» **WHAT IS REQUIRED**
Among the entries below, only the lines starting at the one with "ご相談0円今すぐお気軽にお問い合わせください" and ending at the one with "PREVIEW PRG8117 Sheer", both included, are to be printed exactly.

» **Data entries**
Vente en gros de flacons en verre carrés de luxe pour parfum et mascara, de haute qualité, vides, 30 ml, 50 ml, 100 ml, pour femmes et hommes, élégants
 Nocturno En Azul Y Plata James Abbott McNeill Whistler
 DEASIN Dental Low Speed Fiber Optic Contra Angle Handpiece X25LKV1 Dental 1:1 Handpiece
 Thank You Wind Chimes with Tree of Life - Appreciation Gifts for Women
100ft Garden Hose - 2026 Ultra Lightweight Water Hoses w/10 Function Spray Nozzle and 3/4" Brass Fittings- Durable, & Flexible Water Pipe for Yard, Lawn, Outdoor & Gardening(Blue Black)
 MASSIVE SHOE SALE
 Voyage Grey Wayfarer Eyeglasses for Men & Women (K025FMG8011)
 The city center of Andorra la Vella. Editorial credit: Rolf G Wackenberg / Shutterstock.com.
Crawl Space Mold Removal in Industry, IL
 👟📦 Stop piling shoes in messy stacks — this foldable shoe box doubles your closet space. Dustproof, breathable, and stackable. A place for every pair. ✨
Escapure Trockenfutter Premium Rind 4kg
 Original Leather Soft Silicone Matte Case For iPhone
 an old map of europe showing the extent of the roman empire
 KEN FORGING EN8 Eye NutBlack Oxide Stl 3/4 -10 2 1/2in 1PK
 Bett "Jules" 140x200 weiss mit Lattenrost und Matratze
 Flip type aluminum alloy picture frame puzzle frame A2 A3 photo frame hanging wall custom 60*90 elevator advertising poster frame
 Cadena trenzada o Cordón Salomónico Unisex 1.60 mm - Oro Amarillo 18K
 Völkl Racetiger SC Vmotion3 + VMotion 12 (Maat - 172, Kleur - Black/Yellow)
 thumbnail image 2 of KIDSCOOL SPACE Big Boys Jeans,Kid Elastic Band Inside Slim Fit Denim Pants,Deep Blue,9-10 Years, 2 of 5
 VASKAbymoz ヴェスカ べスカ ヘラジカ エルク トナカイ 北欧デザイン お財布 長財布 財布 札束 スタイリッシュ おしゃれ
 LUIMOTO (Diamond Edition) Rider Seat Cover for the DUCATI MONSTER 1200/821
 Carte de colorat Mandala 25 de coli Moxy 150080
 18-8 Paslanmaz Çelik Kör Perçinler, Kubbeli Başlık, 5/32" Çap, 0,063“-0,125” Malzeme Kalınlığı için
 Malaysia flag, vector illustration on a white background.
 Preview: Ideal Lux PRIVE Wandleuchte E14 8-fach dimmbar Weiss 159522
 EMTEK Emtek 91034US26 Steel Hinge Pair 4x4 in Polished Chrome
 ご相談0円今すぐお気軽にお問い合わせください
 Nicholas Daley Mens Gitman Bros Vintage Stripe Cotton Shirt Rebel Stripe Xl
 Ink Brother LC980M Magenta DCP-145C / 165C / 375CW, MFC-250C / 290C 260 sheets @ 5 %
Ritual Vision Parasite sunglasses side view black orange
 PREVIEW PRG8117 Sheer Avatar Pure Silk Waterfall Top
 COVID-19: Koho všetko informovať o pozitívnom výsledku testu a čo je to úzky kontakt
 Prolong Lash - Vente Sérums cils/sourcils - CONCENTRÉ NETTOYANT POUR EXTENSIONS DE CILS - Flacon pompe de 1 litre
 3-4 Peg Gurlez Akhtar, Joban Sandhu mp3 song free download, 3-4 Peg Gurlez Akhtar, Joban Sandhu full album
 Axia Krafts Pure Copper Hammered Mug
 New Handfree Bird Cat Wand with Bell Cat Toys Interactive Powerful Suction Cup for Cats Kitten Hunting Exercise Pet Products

» **SOLUTION FOR THIS EXERCISE**
 ご相談0円今すぐお気軽にお問い合わせください
 Nicholas Daley Mens Gitman Bros Vintage Stripe Cotton Shirt Rebel Stripe Xl
 Ink Brother LC980M Magenta DCP-145C / 165C / 375CW, MFC-250C / 290C 260 sheets @ 5 %
Ritual Vision Parasite sunglasses side view black orange
 PREVIEW PRG8117 Sheer Avatar Pure Silk Waterfall Top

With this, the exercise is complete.